Western Bulldogs must land Todd Goldstein, Daniel Talia or Ben McEvoy to remain in premiership window



The Western Bulldogs’ must shore up their ruck and key defensive stocks if they are to go deeper in finals next season. And luckily for Luke Beveridge there are a few players who well and truly fit the bill, writes Jon Ralph.

The Western Bulldogs are presented with the kind of free swing in the trade period that clubs who have just played finals are almost never gifted.

In eight weeks’ time, the Dogs will draft key position forward Jamar Ugle-Hagan – the best kid in the land – which gives them some freedom to top up in an all-out assault on the premiership.

Luke Beveridge didn’t even try to hide his frustrations when he spoke about his club’s “vulnerabilities” and how they had hampered a premiership tilt after the loss to St Kilda.

The Dogs gave up the equal-most contested marks this year (21) against the Saints, with Max King (four), Jake Carlisle (three), Paddy Ryder (three) and Dougal Howard (two) all recording season-highs.

Having been torched by Ryder, the Dogs need to find their own equivalent for two seasons so Tim English can complete his football apprenticeship without it destroying him.

And having secured intercept marker Alex Keath from Adelaide last year then asking him to play as a full back, the Dogs desperately need a pure lockdown defender to finish the job.
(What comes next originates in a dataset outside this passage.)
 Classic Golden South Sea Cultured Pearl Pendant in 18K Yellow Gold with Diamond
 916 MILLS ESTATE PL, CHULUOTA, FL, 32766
The acquisition of Ugle-Hagan, adding to top-20 draft picks like English, Bailey Smith, Aaron Naughton and Cody Weightman, means Beveridge can get a little reckless.

The only ruck option that truly makes sense is a senior veteran like Todd Goldstein, and he is a natural fit for three reasons.

He is clearly an upgrade on English as an around-the-ground ruckman, he is at a team that might consider a trade, and he would be finished as a player by the time English was ready to flourish.

As Beveridge himself said on Sunday, there is no point recruiting a ruckman of similar quality who ends up taking up salary cap space and finding himself in the VFL all year.

Braydon Preuss is on the market, but as a tap ruckman without a strong follow-up game surely he falls into that category at the Dogs.

Not for nothing, has he played only 18 games in six seasons at two clubs.

Herald Sun colleague Jay Clark reported yesterday Goldstein is happy to stay at North Melbourne despite trade chatter, but the Dogs should at least ask the question.

The only other ruckman in that model is Hawthorn’s Ben McEvoy, who is playing at centre half back and is exactly the kind of contested-marking presence the Dogs need.

Goldstein isn’t as comfortable playing forward as Ryder – which ruck-forward is across the competition – but the pair could split ruck time with English also playing as a forward as he did this year.

Adelaide’s Daniel Talia has been linked with Essendon this year, but it is the Dogs who need a full back to play on the gorillas more than the Dons.

Alex Keath had a successful first year, but playing on the big forward halved his intercept marks per game (2.7 to 1.3) and intercept possessions (8.3 to 4.2).

Talia is as advertised on the package – he takes the big dogs and does his darnedest to give them nothing as a spoil-first defender.

This year he kept Josh Kennedy and Rory Lobb goalless, although Charlie Dixon (three goals) and Naughton (four goals) got the better of him in heavy defeats.

Would Adelaide consider allowing a trade with Talia, 29, in the last week, believing he is not part of a future premiership side that will have Fischer McAsey and Tom Doedee alongside the likes of Kyle Hartigan?

The issue for the Dogs is that taking Ugle-Hagan will effectively wipe out their 2020 draft haul, so they would have to use future picks or trade current players to get it done.

The alternative is to do nothing, hoping English will miraculously become the star they want in his fifth season and hope Ryan Gardner can elevate into that reliable full back.

But Beveridge spent the year wishing and hoping until that harsh finals spotlight Denis Pagan often spoke about exposed his team as lacking.

It’s time to turn those positional holes he spent the season papering over into strengths again.